What needs to be done:
From the data below, please reproduce exactly everything from the line that contains "Tangga Rumah Alumunium" down to the line that contains "HobbyPark Metall-Seitenstufen-Trittbretter Fußplatte, Schwarz", with both ends included.

☆ ☆ ☆ ☆ ☆

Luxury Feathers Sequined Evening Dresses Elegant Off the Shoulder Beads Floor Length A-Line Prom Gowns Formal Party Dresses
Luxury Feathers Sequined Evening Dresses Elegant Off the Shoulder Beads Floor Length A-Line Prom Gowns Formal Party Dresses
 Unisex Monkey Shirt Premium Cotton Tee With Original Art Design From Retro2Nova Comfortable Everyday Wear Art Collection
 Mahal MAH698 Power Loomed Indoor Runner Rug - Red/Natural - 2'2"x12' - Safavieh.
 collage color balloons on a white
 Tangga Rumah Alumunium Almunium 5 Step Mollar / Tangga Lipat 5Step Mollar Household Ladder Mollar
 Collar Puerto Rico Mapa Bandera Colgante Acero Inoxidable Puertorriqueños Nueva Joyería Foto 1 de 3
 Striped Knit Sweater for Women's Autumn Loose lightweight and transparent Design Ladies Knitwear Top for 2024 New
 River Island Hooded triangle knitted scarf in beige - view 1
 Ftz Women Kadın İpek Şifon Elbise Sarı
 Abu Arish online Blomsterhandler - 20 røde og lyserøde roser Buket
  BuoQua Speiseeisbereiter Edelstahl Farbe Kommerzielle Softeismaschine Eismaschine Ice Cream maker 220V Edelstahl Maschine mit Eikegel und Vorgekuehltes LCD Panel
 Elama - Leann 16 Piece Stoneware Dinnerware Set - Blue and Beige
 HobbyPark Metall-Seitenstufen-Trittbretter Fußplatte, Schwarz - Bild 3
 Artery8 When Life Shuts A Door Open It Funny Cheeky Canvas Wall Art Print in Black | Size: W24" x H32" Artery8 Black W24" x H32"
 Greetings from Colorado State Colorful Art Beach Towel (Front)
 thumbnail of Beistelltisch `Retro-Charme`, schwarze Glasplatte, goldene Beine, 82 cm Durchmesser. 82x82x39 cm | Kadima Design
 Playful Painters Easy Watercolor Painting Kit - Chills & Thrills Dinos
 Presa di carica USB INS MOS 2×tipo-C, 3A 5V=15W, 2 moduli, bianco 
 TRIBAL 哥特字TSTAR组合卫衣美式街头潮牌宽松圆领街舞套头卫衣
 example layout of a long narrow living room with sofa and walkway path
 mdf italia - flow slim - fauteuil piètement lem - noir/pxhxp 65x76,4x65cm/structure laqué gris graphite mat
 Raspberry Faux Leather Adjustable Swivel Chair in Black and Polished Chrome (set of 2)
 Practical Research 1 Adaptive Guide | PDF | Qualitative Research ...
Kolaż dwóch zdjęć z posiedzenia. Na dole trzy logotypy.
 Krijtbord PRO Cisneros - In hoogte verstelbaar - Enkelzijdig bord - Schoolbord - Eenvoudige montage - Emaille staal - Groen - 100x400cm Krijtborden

☆ ☆ ☆ ☆ ☆

Exercise solution:
 Tangga Rumah Alumunium Almunium 5 Step Mollar / Tangga Lipat 5Step Mollar Household Ladder Mollar
 Collar Puerto Rico Mapa Bandera Colgante Acero Inoxidable Puertorriqueños Nueva Joyería Foto 1 de 3
 Striped Knit Sweater for Women's Autumn Loose lightweight and transparent Design Ladies Knitwear Top for 2024 New
 River Island Hooded triangle knitted scarf in beige - view 1
 Ftz Women Kadın İpek Şifon Elbise Sarı
 Abu Arish online Blomsterhandler - 20 røde og lyserøde roser Buket
  BuoQua Speiseeisbereiter Edelstahl Farbe Kommerzielle Softeismaschine Eismaschine Ice Cream maker 220V Edelstahl Maschine mit Eikegel und Vorgekuehltes LCD Panel
 Elama - Leann 16 Piece Stoneware Dinnerware Set - Blue and Beige
 HobbyPark Metall-Seitenstufen-Trittbretter Fußplatte, Schwarz - Bild 3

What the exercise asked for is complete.